Thursday, March 21, 2019
7:00 PM
Community Room
Watertown Police Department Headquarters
552 Main Street
Watertown, MA 02472

This game show style presentation will be based on the book Watertown Square Through Time (Arcadia, 2018) by Cara Marcus.  It will give Historical Society members and other Watertown history aficionados a chance to test their knowledge of the Square's streets and buildings, as well as events and people associated with the Square, through the area's nearly 300 years of history in a fast-paced, fun and novel way.  Some of the answers may come as a surprise!  Images from Ms. Marcus's then-and-now format book will be shown throughout the event, as she shares facts and lore about the Square.  The winner of the game will be given a copy of Watertown Square Through Time, and copies of the book will also be available for sale following the presentation.

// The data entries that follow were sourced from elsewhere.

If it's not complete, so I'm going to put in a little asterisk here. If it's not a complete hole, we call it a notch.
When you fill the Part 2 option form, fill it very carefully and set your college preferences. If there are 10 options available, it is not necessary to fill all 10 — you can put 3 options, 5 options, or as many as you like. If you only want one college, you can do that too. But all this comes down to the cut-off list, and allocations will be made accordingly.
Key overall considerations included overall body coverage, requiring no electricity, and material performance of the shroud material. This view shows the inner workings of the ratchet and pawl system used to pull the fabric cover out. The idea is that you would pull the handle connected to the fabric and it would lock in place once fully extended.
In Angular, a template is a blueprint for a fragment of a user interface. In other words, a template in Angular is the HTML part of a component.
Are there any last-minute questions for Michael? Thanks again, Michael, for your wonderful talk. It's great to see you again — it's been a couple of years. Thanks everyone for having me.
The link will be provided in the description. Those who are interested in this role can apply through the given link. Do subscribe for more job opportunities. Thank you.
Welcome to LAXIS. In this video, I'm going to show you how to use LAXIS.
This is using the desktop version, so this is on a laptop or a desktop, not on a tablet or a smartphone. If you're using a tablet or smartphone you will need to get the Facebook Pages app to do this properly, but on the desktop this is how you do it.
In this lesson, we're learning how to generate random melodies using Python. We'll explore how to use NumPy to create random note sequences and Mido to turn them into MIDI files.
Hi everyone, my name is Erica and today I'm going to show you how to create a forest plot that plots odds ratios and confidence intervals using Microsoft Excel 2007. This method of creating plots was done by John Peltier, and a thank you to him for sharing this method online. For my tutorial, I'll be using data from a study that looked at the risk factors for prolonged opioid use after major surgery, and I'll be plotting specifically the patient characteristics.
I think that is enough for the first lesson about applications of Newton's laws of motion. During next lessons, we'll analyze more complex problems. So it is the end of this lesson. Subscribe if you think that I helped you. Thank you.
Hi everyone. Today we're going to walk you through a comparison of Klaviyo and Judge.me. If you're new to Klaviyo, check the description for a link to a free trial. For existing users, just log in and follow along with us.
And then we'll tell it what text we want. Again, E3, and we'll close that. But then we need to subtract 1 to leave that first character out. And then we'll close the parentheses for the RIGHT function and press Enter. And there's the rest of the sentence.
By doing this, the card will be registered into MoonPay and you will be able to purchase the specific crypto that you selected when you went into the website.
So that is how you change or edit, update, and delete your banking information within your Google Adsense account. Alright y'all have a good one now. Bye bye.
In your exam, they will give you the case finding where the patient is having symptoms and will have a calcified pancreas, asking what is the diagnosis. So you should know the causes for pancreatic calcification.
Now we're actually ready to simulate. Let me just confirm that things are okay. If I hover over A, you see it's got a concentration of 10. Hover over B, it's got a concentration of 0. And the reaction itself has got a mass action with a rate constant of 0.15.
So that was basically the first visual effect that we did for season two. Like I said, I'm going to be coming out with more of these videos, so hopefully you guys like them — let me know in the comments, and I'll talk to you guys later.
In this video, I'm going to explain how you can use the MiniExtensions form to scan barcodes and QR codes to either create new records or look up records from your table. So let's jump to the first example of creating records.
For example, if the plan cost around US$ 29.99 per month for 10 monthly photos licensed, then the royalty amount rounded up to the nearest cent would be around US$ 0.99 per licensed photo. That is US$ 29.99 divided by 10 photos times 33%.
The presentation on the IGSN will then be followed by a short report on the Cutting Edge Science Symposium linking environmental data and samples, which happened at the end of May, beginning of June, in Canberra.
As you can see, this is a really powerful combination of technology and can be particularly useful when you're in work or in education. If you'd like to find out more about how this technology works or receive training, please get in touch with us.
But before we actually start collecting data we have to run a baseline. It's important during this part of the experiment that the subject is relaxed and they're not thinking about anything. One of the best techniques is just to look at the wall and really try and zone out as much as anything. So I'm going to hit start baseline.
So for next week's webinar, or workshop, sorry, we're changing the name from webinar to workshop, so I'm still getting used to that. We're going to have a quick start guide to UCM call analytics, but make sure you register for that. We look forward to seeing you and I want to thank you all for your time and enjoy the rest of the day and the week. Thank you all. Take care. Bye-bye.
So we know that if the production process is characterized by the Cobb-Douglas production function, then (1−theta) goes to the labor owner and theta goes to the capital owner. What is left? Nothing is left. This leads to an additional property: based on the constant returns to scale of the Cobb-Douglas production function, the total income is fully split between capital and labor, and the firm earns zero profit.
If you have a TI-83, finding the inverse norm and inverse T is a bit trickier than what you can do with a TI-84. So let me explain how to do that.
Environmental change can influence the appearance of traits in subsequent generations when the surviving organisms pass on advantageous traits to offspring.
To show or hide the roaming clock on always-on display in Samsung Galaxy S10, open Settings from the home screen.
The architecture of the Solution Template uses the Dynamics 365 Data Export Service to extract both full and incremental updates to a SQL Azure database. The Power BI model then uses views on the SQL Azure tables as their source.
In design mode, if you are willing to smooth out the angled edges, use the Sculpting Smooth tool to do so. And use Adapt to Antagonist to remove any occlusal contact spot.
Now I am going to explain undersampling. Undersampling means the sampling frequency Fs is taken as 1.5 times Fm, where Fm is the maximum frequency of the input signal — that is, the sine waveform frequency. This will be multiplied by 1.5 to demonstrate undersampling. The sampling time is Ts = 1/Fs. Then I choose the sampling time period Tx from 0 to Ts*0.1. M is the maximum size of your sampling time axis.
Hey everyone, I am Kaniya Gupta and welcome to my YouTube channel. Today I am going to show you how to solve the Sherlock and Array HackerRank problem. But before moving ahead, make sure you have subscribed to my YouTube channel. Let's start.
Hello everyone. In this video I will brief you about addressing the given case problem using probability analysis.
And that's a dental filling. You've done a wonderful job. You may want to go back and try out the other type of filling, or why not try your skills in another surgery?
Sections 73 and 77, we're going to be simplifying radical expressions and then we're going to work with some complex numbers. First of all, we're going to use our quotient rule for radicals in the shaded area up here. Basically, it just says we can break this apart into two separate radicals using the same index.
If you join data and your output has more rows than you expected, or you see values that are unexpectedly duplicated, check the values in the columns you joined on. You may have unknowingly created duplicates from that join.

In addition to authoring Watertown Square Through Time, which the Watertown Historical Commission named a Historical Resources Preservation Award winner, HSW member Cara Marcus has contributed to the documentation of local history in a number of other ways.  Ms. Marcus writes two ongoing monthly columns that appear in the Watertown TAB: "This Month in Watertown History" and "Invented in Watertown."  She is also the author of Images of America: Faulkner Hospital (Arcadia, 2010) and Preserving the History of Brigham and Women's Faulkner Hospital (Watermark, 2015).  Cara is the Resource Center Manager for National Rural Transit Assistance Program, where she oversees library operations and edits the organization's extensive array of publications.  She also serves on the Board of the Eastern Transportation Knowledge Network.  She received a Bachelor of Fine Arts from Rhode Island School of Design and a Master of Science in Library and Information Science from Simmons College.

This program is free and open to the public.
For more information, contact Joyce at 781-899-7239 or This email address is being protected from spambots. You need JavaScript enabled to view it..

November Public Program

Gangland Boston: A Tour Through the Deadly Streets of Organized Crime
A slideshow lecture by author Emily Sweeney

Thursday, November 8, 2018
7:00 PM
Watertown Savings Bank Meeting Room
Watertown Free Public Library
123 Main Street
Watertown, MA 02472

Gangsters have played a shady role in shaping Greater Boston’s history.  While lurking in local restaurants or just around the corner inside that inconspicuous building, countless criminals have quietly made their mark on the city and surrounding communities.  Emily Sweeney's book Gangland Boston: A Tour Through the Deadly Streets of Organized Crime (2017) reveals the hidden history of these places, bringing readers back to a time when the North End was wrought with gun violence, Hanover Street was known as a "shooting gallery," and guys named King Solomon, Beano Breen and Mickey the Wiseguy ruled the underworld.  
Drawing upon years of research and an extensive collection of rare photographs, Gangland Boston sheds light on how gang violence unfolded during Prohibition, the Italian mafia rose to power and the Gustin Gang came to be.  From South Boston to Somerville, Chinatown to Charlestown and every neighborhood in between, Ms. Sweeney's lecture will offer listeners a guided tour of Boston's underworld, revealing the places where the deals were made, people were killed and bodies were buried.


Emily Sweeney is an award-winning journalist who researched and wrote “Greatest Hits: A Mob Tour of Boston” for the Boston Globe in 2003.  She is featured as a guest commentator in Stranger Than Fiction: The True Story of Whitey Bulger, Southie and The Departed, a documentary about organized crime in South Boston.  Sweeney is from Dorchester, MA, and her knowledge of Boston and its history runs deep.  She has been a staff writer at the Boston Globe since 2001.

This program is free and open to the public.